Nasty business, that. So glad we all voted to defend marriage.
Well, it appears that defending marriage does not come without a price. (That's in addition to driving away people who are gay, and who often have higher incomes and spending power. Because if there's one thing we in Ohio don't need, it's upwardly mobile professionals with money to spend.)
The statute that makes domestic violence in Ohio a crime (ORC 2919.25) lists a number of persons who are not to be victims of domestic violence. One class listed is a "person living as a spouse," that is, someone who has been cohabitating.
Well, in the course of defending marriage in Ohio, we added this dandy little provision to the Constitution: "This state and its political subdivisions shall not create or recognize a legal status for relationships of unmarried individuals that intends to approximate the design, qualities, significance or effect of marriage."

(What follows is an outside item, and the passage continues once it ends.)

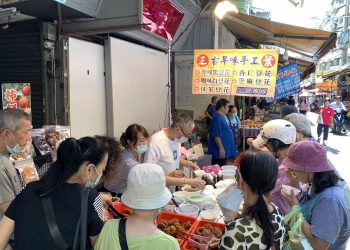 從職場到菜市場「三葉豆花」兄妹齊心創業 親情與好味道攜手迎風成長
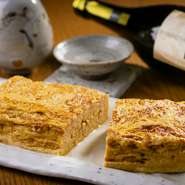 職人が一つ一つ絶妙な火加減で焼き上げる出汁巻き玉子は、お酒が進む濃いめの味わい。創業以来非常に評判の良い一品です。熊本県球磨の米焼酎『豊永蔵 完がこい』のやわらかな味わいと合わせて。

What that means, according to defense attorneys, is that the "person living as a spouse" provision gives you the same protection of being a spouse, it gives your unmarried-persons relationship a legal status that approximates the effect of marriage, ergo, you can beat up on your live-in all you want. If she wants protection from domestic violence, she'll have to get married. (And frequent readers of this blog can guess my views on how well that works out.)
So, people have gotten Common Pleas court judges to dismiss their indictments for domestic violence so long as the person they were committing violence against wasn't married to them. Some (in fact, I would say the majority of) appellate courts have said balderdash to this proposal, but others have upheld it. Insofar as we have appellate courts conflicting, the matter will most likely go to the Ohio Supreme Court.
The Second Appellate District is one of those places in which unmarried persons do not have protection against domestic violence. A decision recently handed down found that the defense of marriage amendment left unmarried persons defenseless.
I won't bore you with the details of the decision (as I said, this will all be decided by the Supreme Court), but I found interesting one of the groups that the court indicated has taken a position on this issue. The "Citizens for Community Values" organization has come down in favor of not extending domestic violence protection to unmarried persons.
I was interested to see who the Citizens for Community Values was, so I visited their website. It appears they don't like pornography or sexually oriented businesses, are against gambling, and, of course, homosexuality is a problem. Surprisingly, they did not list anywhere that I could see that they were making it easier to get domestic violence charges dismissed.
What really interested me was this -- a very small-print comment on the top of the page. "Officially Associated with Focus on the Family as a Family Policy Council in Ohio."
You all know Focus on the Family -- that's Dr. James Dobson's group, which is hugely interested in family issues.
Dr. Dobson has written numerous books on how to raise children. I would expect he's truly interested in their well-being.
Dr. Dobson, do you really think it's a good idea that unmarried persons now have no protection under domestic violence statutes? How about the children of these unmarried persons, who are either victims of or witnesses to violence?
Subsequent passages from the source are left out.